### The records
┌────────

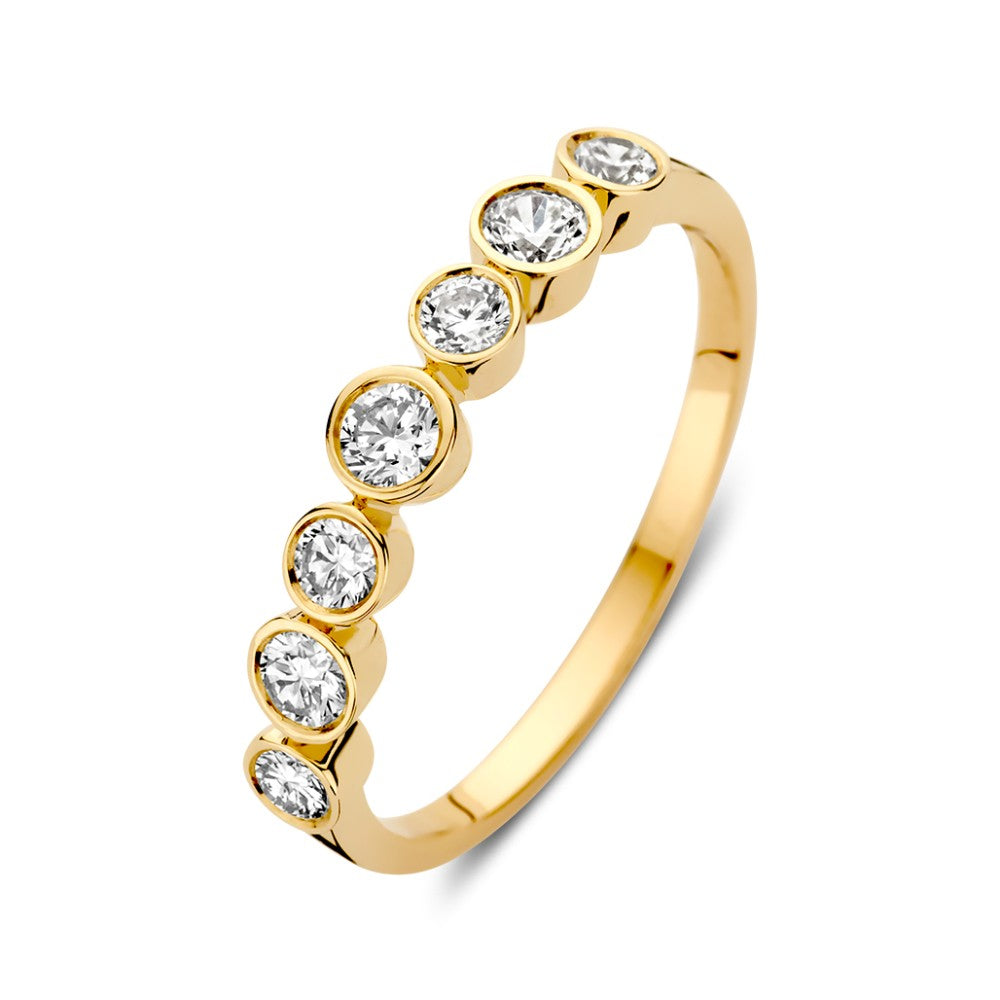 Bague en or jaune 14 carats ornée de zircons dans des sertissages ronds.
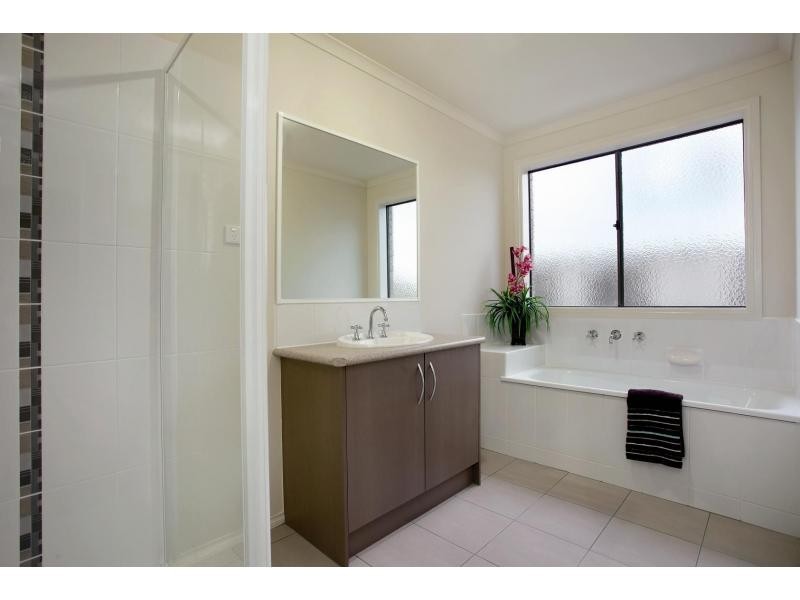 L118 DIAMOND Drive, Koo Wee Rup VIC 3981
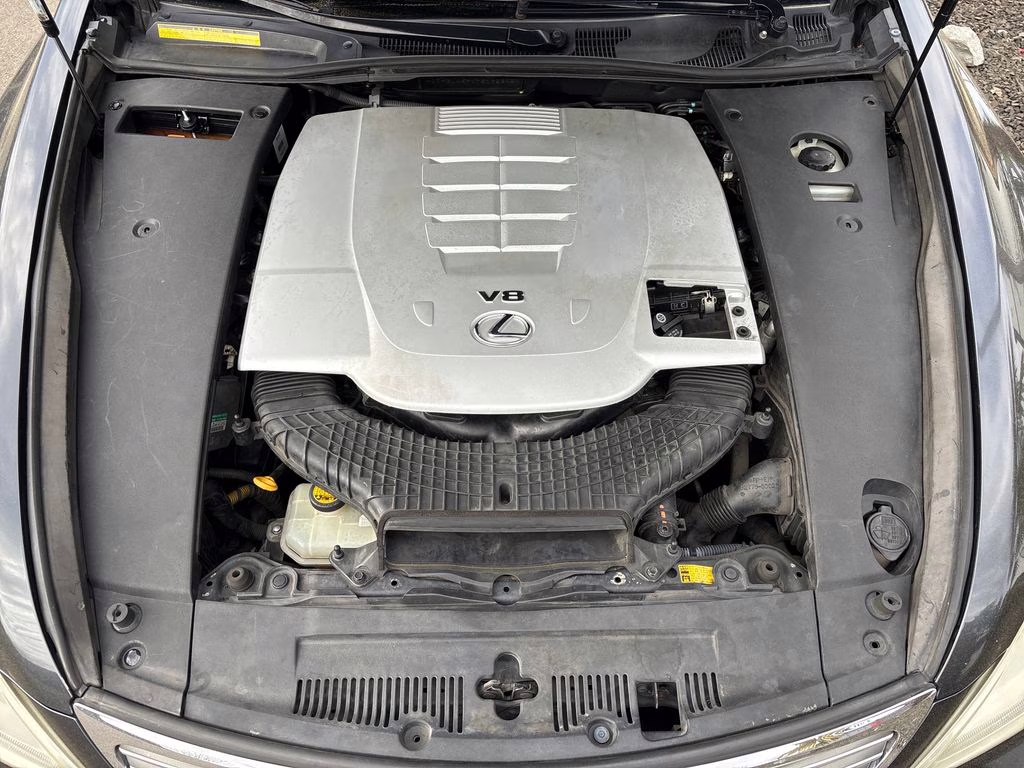 2007 Lexus LS 460 RWD Sedan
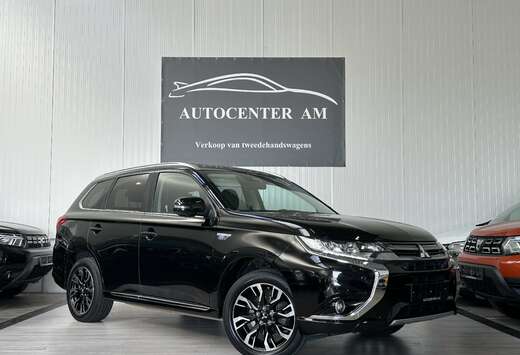 Mitsubishi 2.0i PLUG IN 4WD Instyle Premium 360Cam**  ...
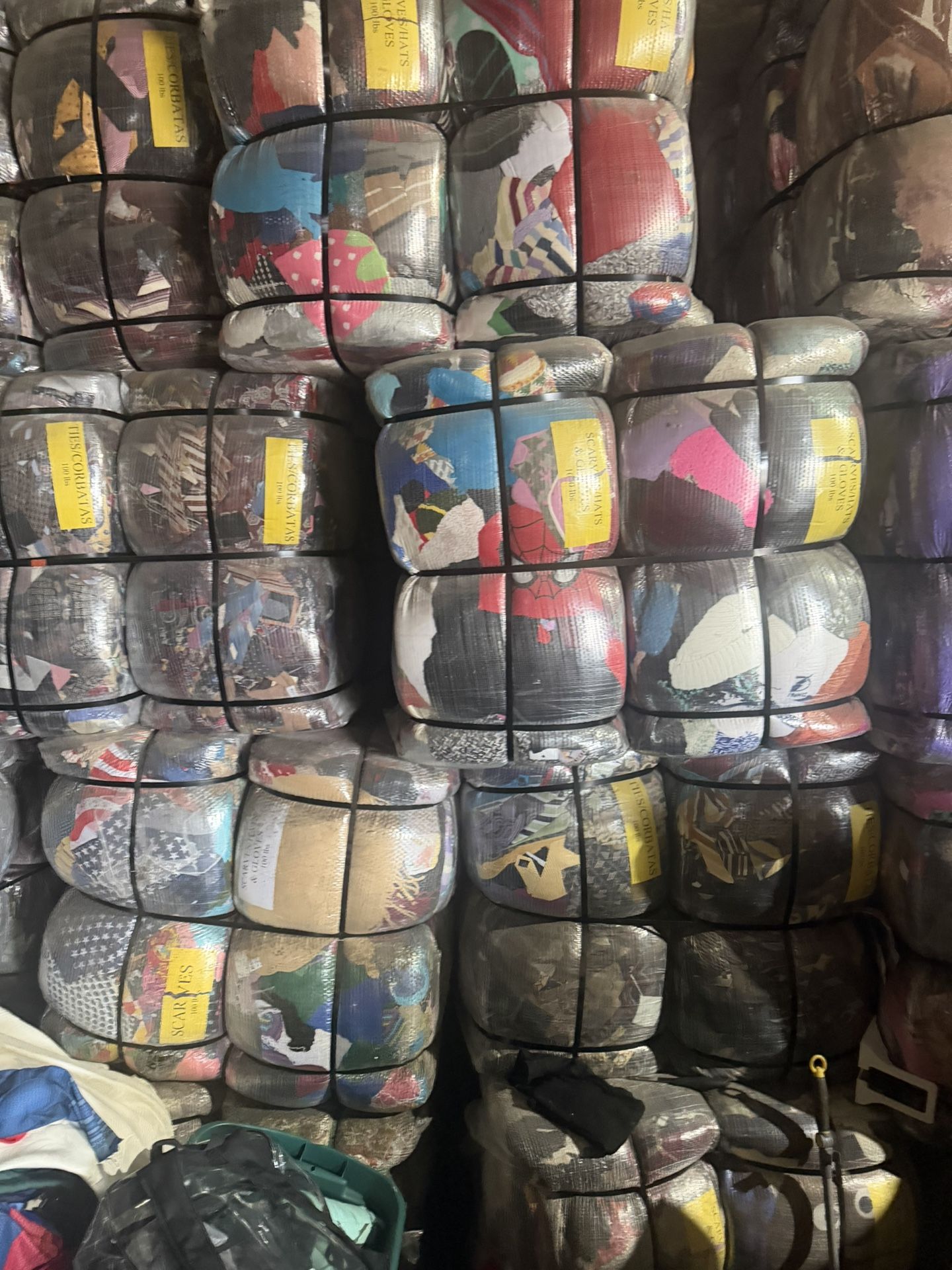 Ties/ Light scarves/ Heavy Scarves with Gloves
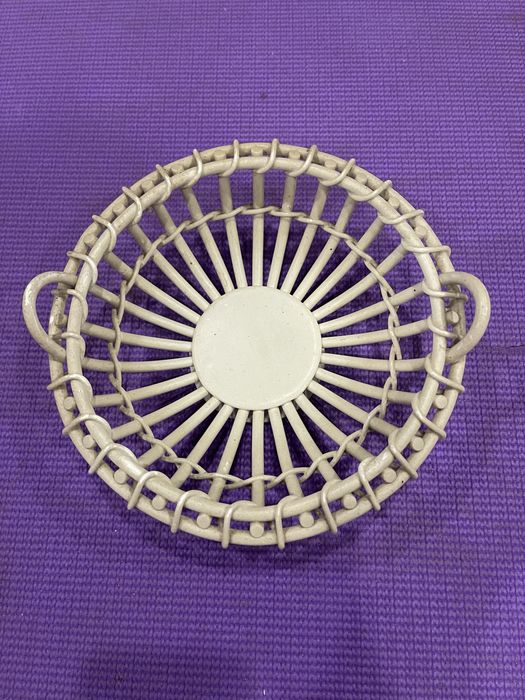 Керамічна тарілка 22 см колір словоі кості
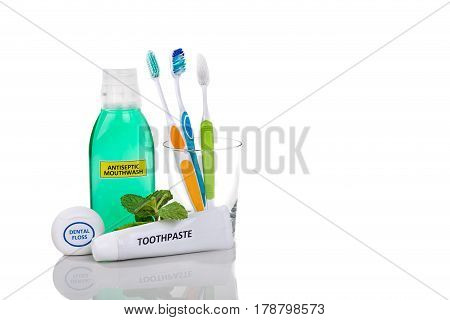 Oral Care Essential Products Tapered Toothbrush, Toothpaste, Mouthwash, Dental Floss
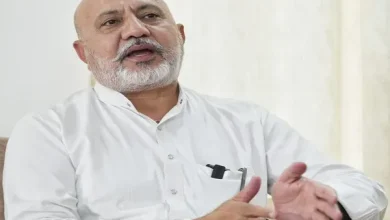 कांग्रेस की अंतर्कलह आई सामने: रैली के पोस्टर से फोटो हटी, आप ने मजे लेते हुए कसा तंज कांग्रेस की अंतर्कलह आई सामने: रैली के पोस्टर से फोटो हटी, आप ने मजे लेते हुए कसा तंज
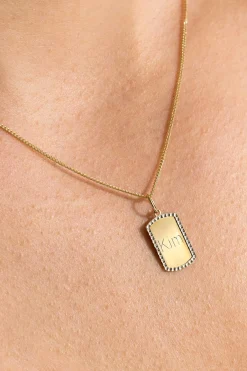 14mm ZINZI Gold 14 krt gouden graveerplaat in rechthoeksvorm van 14 x 9mm en met chique witgouden parelrand ZGH365-14 (zonder collier)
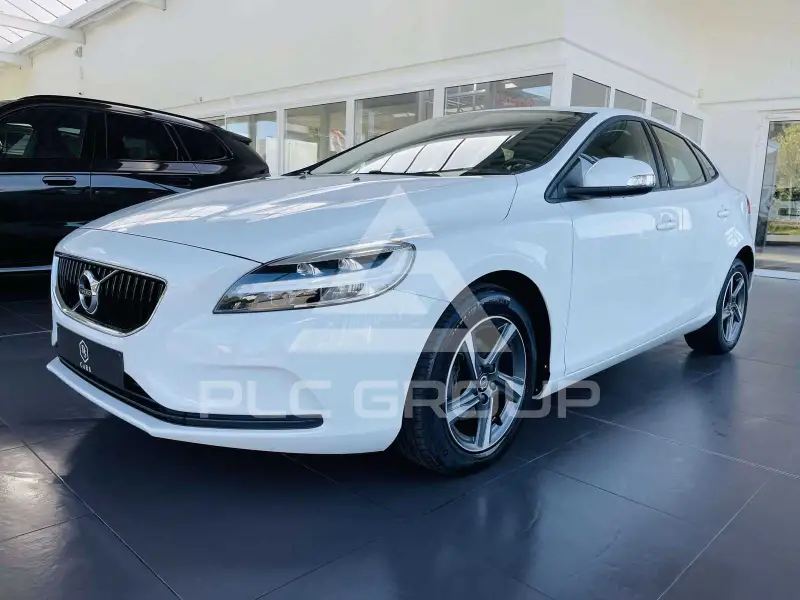 2017 Volvo V40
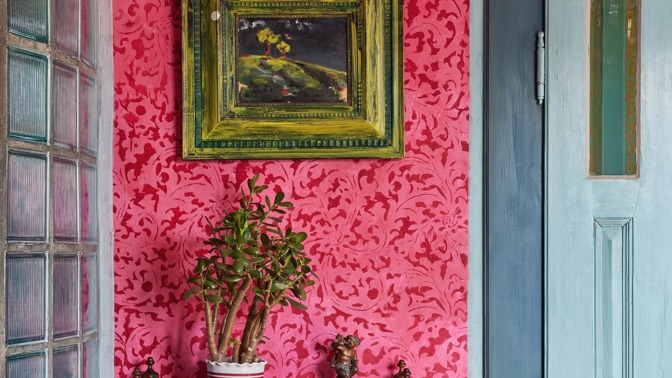 Na stěnách ložnice druhého apartmánu Vanda uplatnila zkušenosti s restaurováním zámeckých interiérů. Šablona má evokovat brokátové textilní tapety, nechybí ani bordura a vymalované ručně jsou také záhyby draperie, naznačující oponu jako v divadle. Luxferová stěna odděluje koupelnu, do které proniká denní světlo. Autorem obrazu je Lukáš Patlevič. Všechny dveře včetně obložek jsou upravené tak, aby připomněly původní, a nahradily panelákové dveře s kovovými rámy, které tu zůstaly ze 70. let.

└────────

Once you find the line containing "Oral Care Essential", transcribe it and each line after it to the end of the records exactly, and leave out the pictures.

### Completed task
 Oral Care Essential Products Tapered Toothbrush, Toothpaste, Mouthwash, Dental Floss
 कांग्रेस की अंतर्कलह आई सामने: रैली के पोस्टर से फोटो हटी, आप ने मजे लेते हुए कसा तंज कांग्रेस की अंतर्कलह आई सामने: रैली के पोस्टर से फोटो हटी, आप ने मजे लेते हुए कसा तंज
 14mm ZINZI Gold 14 krt gouden graveerplaat in rechthoeksvorm van 14 x 9mm en met chique witgouden parelrand ZGH365-14 (zonder collier)
 2017 Volvo V40
 Na stěnách ložnice druhého apartmánu Vanda uplatnila zkušenosti s restaurováním zámeckých interiérů. Šablona má evokovat brokátové textilní tapety, nechybí ani bordura a vymalované ručně jsou také záhyby draperie, naznačující oponu jako v divadle. Luxferová stěna odděluje koupelnu, do které proniká denní světlo. Autorem obrazu je Lukáš Patlevič. Všechny dveře včetně obložek jsou upravené tak, aby připomněly původní, a nahradily panelákové dveře s kovovými rámy, které tu zůstaly ze 70. let.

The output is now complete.